• Collected material:
━━━━━━━━━━

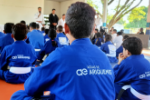 Atletas do projeto ‘Pequeno Samurai’ participam de graduação de Jiu–Jitsu em Ariquemes
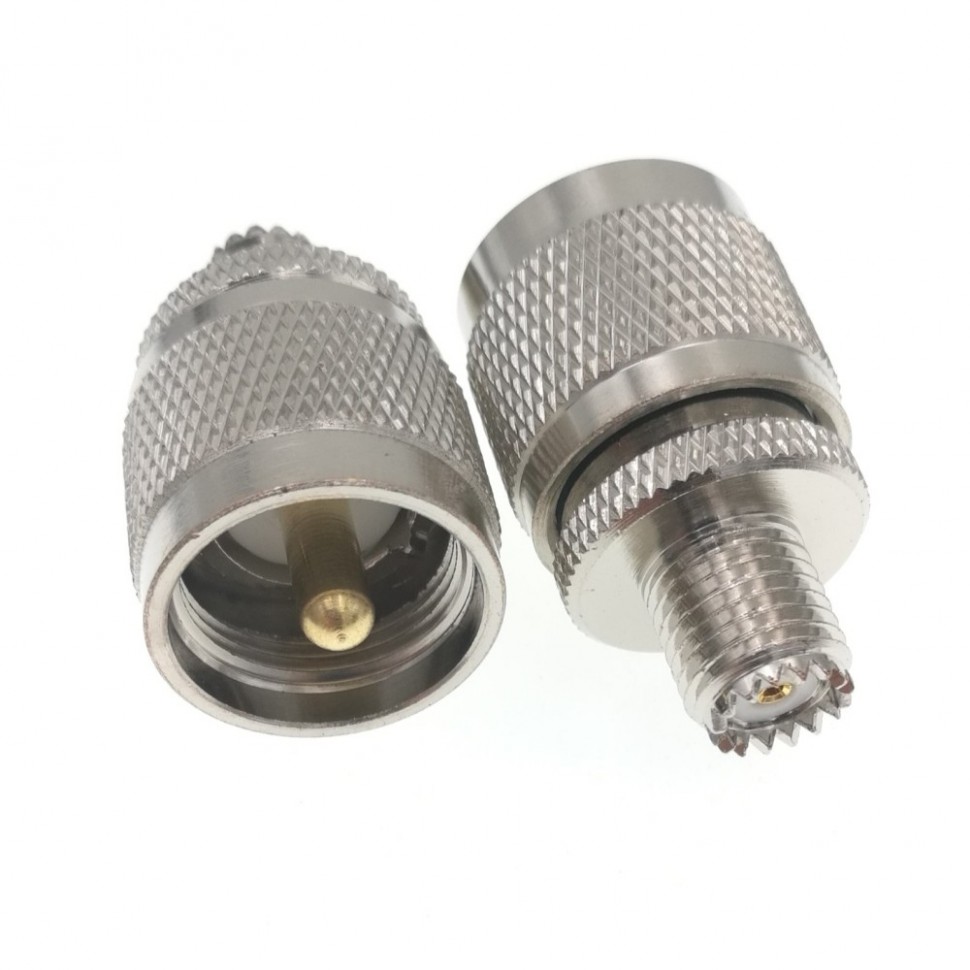ВЧ-адаптер mini UHF(female) - UHF(male) PL259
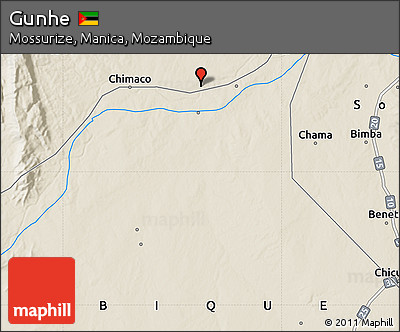Shaded Relief Map of Gunhe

━━━━━━━━━━

• Task description: The output should be the lines from the one with "ВЧ-адаптер mini UHF(female) - UHF(male) PL259" through the end of the material above, both ends included, printed exactly and nothing else. Drop the pictures.

• Expected answer:
ВЧ-адаптер mini UHF(female) - UHF(male) PL259
Shaded Relief Map of Gunhe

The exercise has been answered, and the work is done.